We propose an approach termed ``qDAGx'' for Bayesian covariate-dependent quantile directed acyclic graphs (DAGs) where these DAGs are individualized, in the sense that they depend on individual-specific covariates. The individualized DAG structure of the proposed approach can be uniquely identified at any given quantile, based on purely observational data without strong assumptions such as a known topological ordering. To scale the proposed method to a large number of variables and covariates, we propose for the model parameters a novel parameter expanded horseshoe prior that affords a number of attractive theoretical and computational benefits to our approach. By modeling the conditional quantiles, qDAGx overcomes the common limitations of mean regression for DAGs, which can be sensitive to the choice of likelihood, e.g., an assumption of multivariate normality, as well as to the choice of priors. We demonstrate the performance of qDAGx through extensive numerical simulations and via an application in precision medicine, which infers patient-specific protein--protein interaction networks in lung cancer.

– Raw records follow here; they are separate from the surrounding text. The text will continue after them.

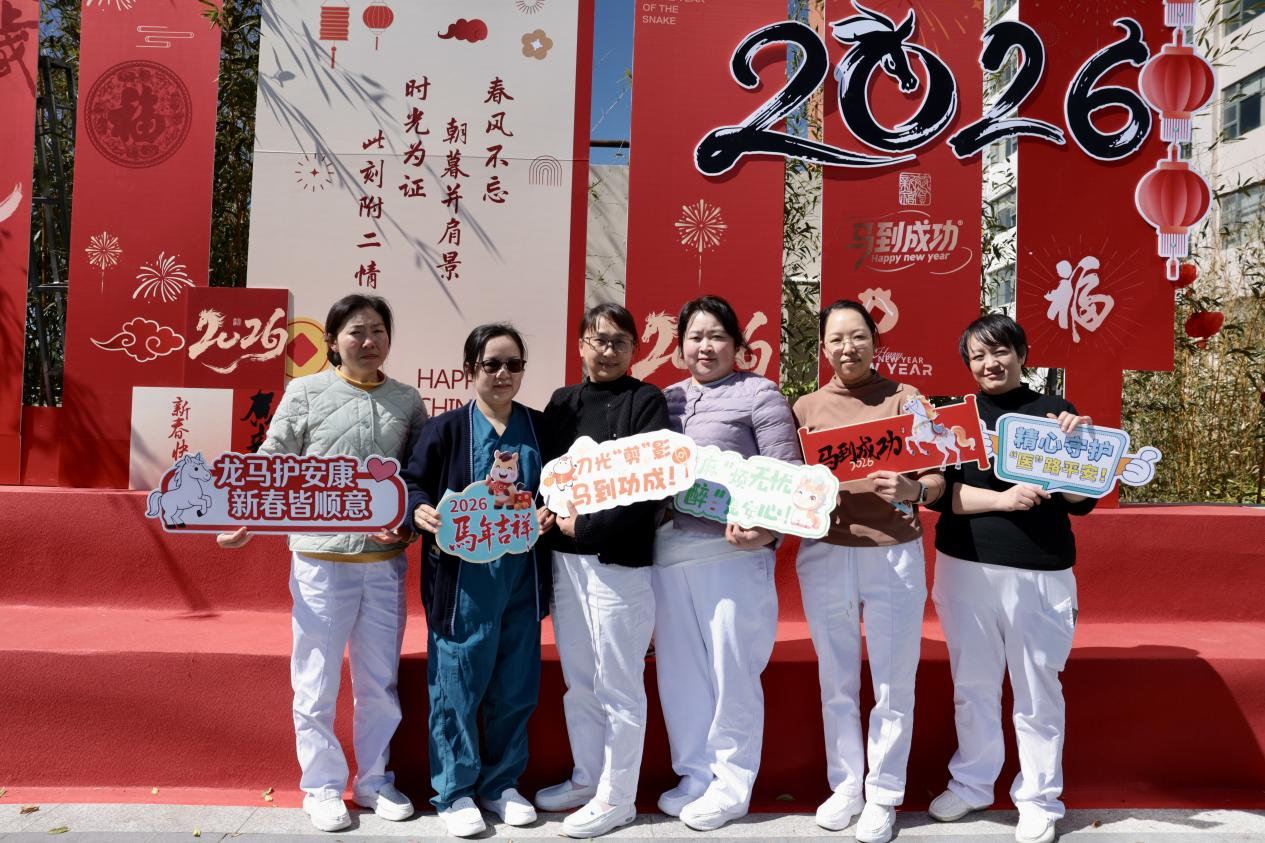 17709431901518.png 17709431901518.png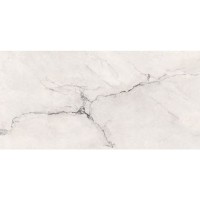 EF157M322 MARTA (1 сорт) ALMERA CERAMICA-2 фото 3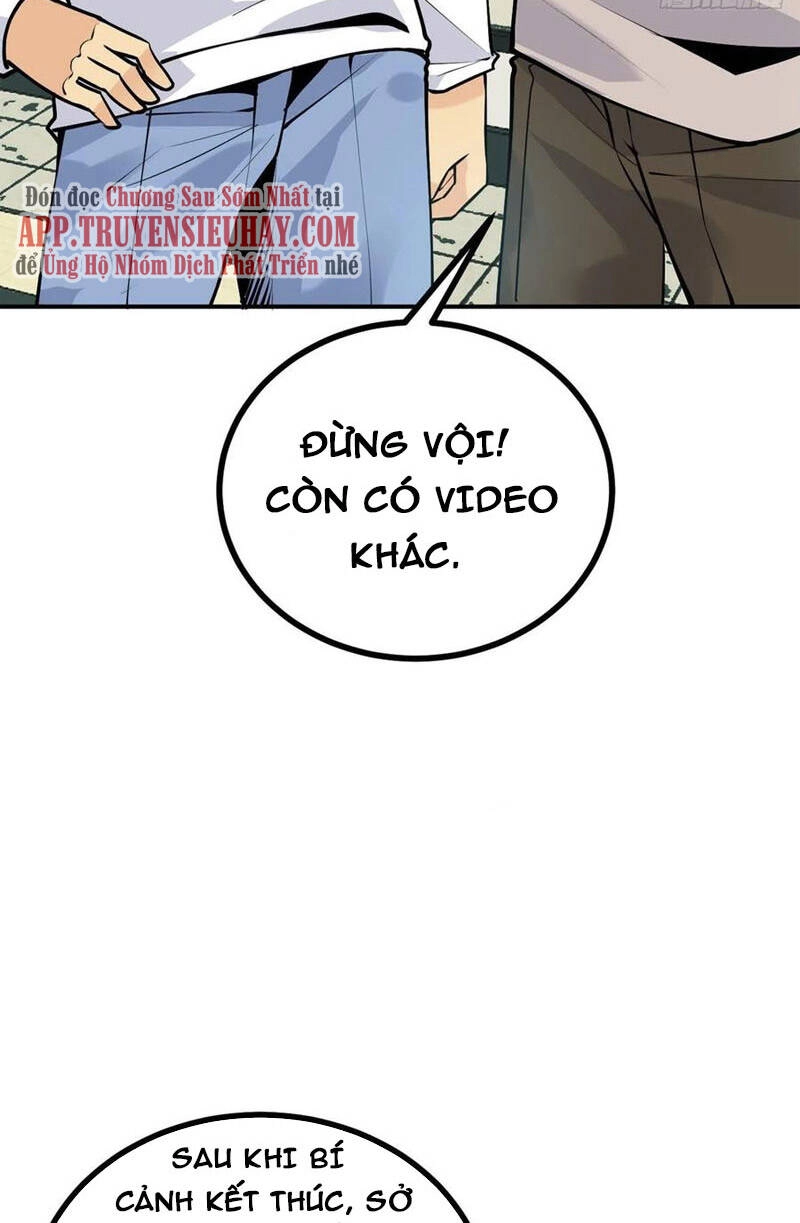 Nhất Quyền Bạo Tinh Chapter 35 - 12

翻译：我们提出一种名为“qDAGx”的方法，用于构建贝叶斯协变量依赖的分位有向无环图，其中这些有向无环图是个体化的，即它们依赖于个体特定的协变量。该方法中个体化的有向无环图结构可以在任意给定分位数下唯一识别，仅基于纯观测数据，无需强假设（如已知的拓扑排序）。为了将该方法扩展到大量变量和协变量，我们为模型参数提出了一种新颖的参数扩展马蹄形先验，该先验为我们的方法提供了多种有吸引力的理论和计算优势。通过建模条件分位数，qDAGx克服了有向无环图中均值回归的常见局限性，后者可能对似然选择（例如多元正态性假设）以及先验选择敏感。我们通过广泛的数值模拟和精准医学应用（推断肺癌中患者特异性蛋白质-蛋白质相互作用网络）展示了qDAGx的性能。